New York Islanders general manager Garth Snow is feeling the heat, interim coach Doug Weight is coaching to determine the next step in his career, and the franchise will be evaluating everything heading into summer — and the start of captain John Tavares’ re-signing window — in the wake of the firing of Jack Capuano.
Those and other thoughts were covered on NHL Network when Arthur Staple, beatwriter for Newsday and the reporter following the team the closest, appeared in the hours after the firing.
Watch the clip here:
Staple also referenced attempts to shake up the roster well before the firing, such as inquiries made for Colorado’s Gabriel Landeskog, but of course moves are hard in season and the Avalanche have reportedly asked a king’s ransom for their captain or for Tavares’ draft classmate Matt Duchene.

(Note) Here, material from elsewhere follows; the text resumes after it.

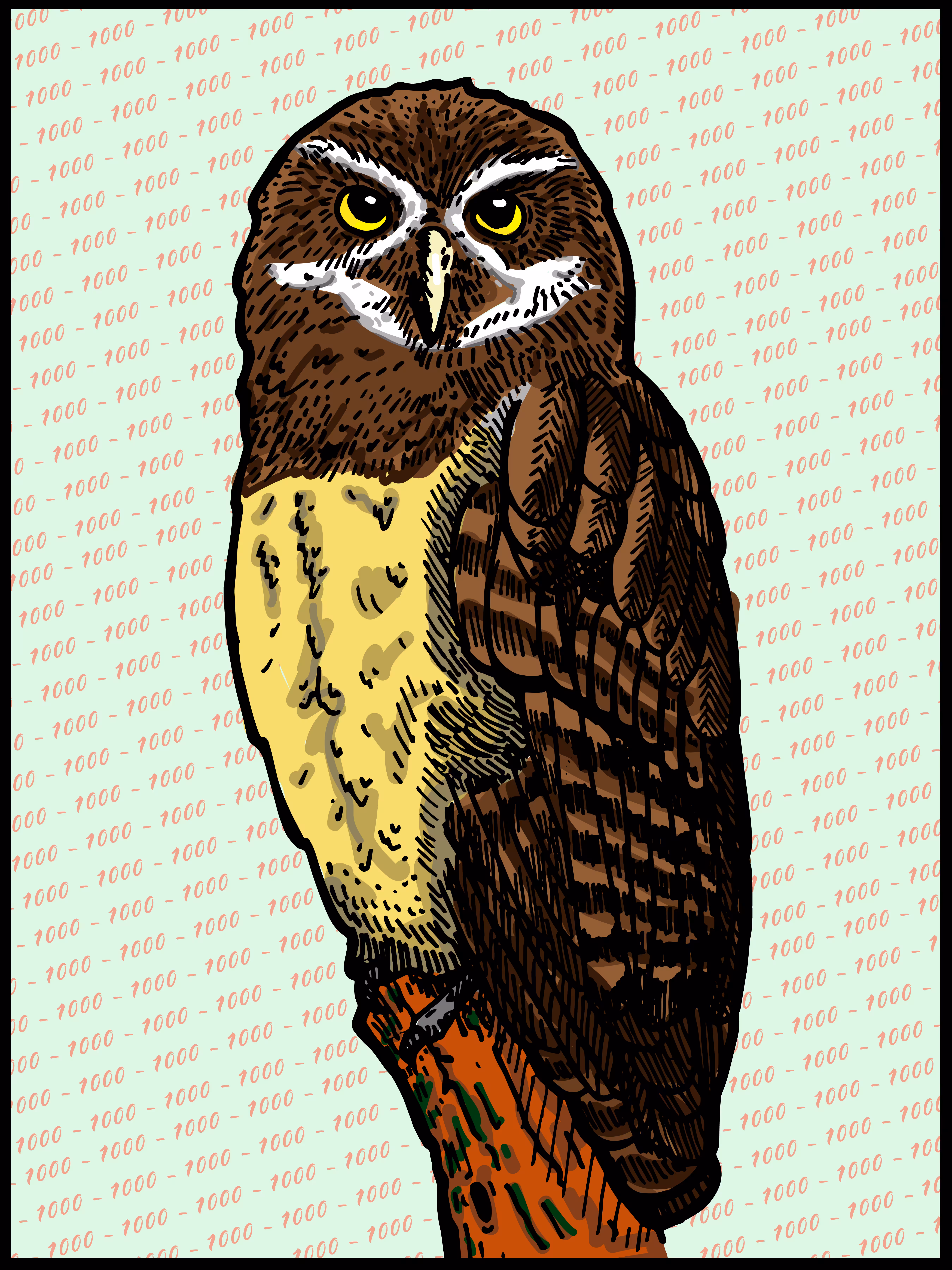 Oropopo (Spectacled owl)
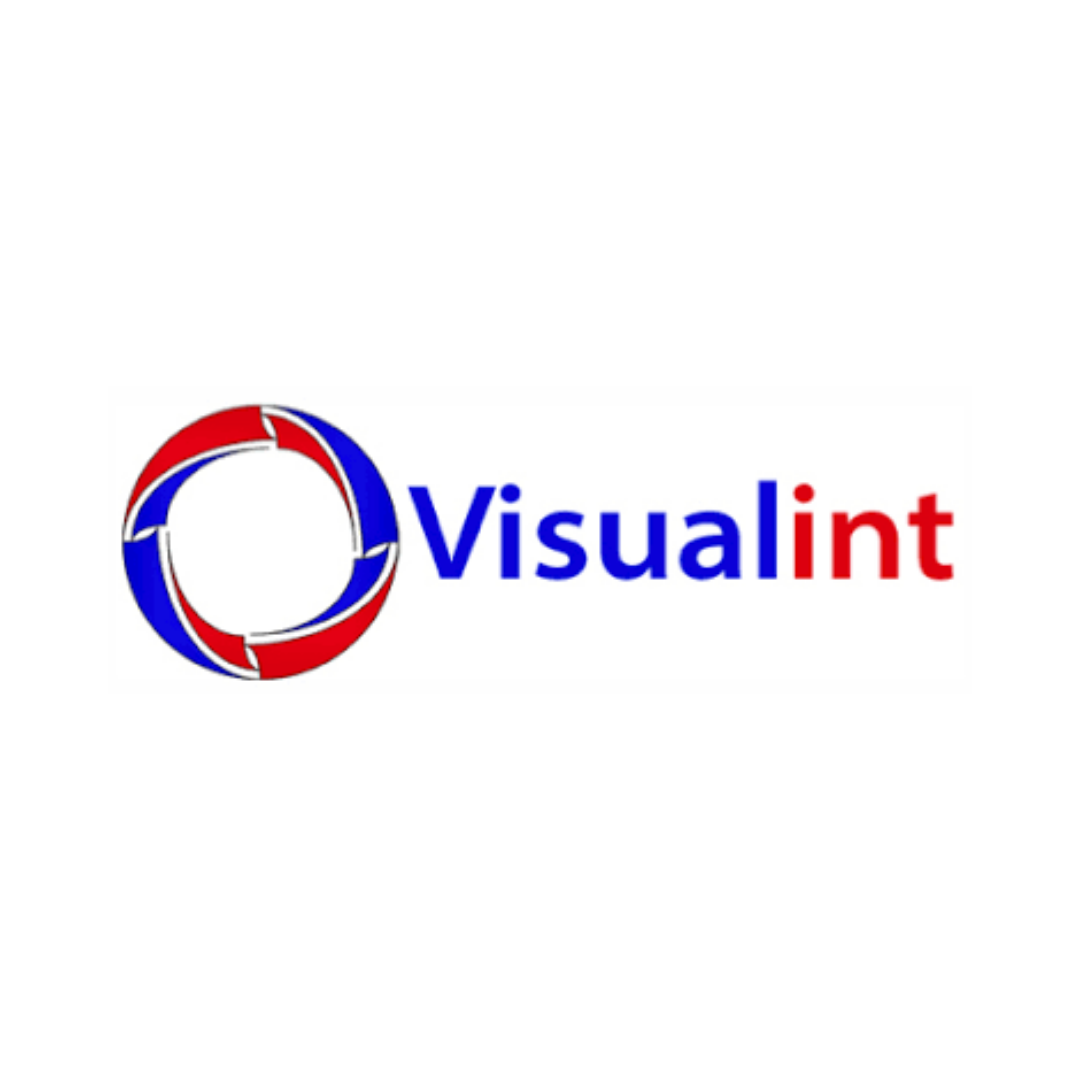 A red and blue logo for visualint on a white background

Elsewhere in media covering the firing on Tuesday, Sportsnet’s Elliotte Friedman again posited his theory that the Islanders ownership and management banked a lot last summer on being able to lure Steven Stamkos via free agency, a push (unconfirmed, but all signs point to...) that Friedman thinks inadvertently led to their slow pace in talks with free agent Frans Nielsen, who has said he didn’t entertain the idea of leaving until that final-week window gave other teams the chance to come calling.
Of course, as things stand on Jan. 17, the day of Capuano’s firing, all three teams in the Islanders’ big summer free agency decisions are hurting: Nielsen’s Red Wings, Kyle Okposo’s Buffalo Sabres and Andrew Ladd’s New York Islanders are 14-15-16 at the bottom of the Eastern Conference standings.
But what about now?
One thing left unspoken during Snow’s conference call with media Tuesday afternoon, and another reason to make the move now: This season is essentially a loss. Just as he did after the Scott Gordon firing six years ago, on Tuesday Snow said the focus now must be on the next game, the next few games, the homestand, getting some wins, etc.
But the reality is even a great homestand wouldn’t change their prospects for 2016-17 much. They’re too far down and the Metro’s best teams are too good.
True, there is mathematically time and half a season for the team to go on a glorious run back into the playoff picture, but it’s difficult to see that happening given the underlying numbers that have indicated the team is deservedly in last place.
Are they the worst roster in the East? Probably not. But a major turnaround — say, like Mike Sullivan taking over an outstanding but poorly deployed Penguins roster — would likely require a completely new voice and, well, a better roster than they have.
So now...evaluation mode. For everyone.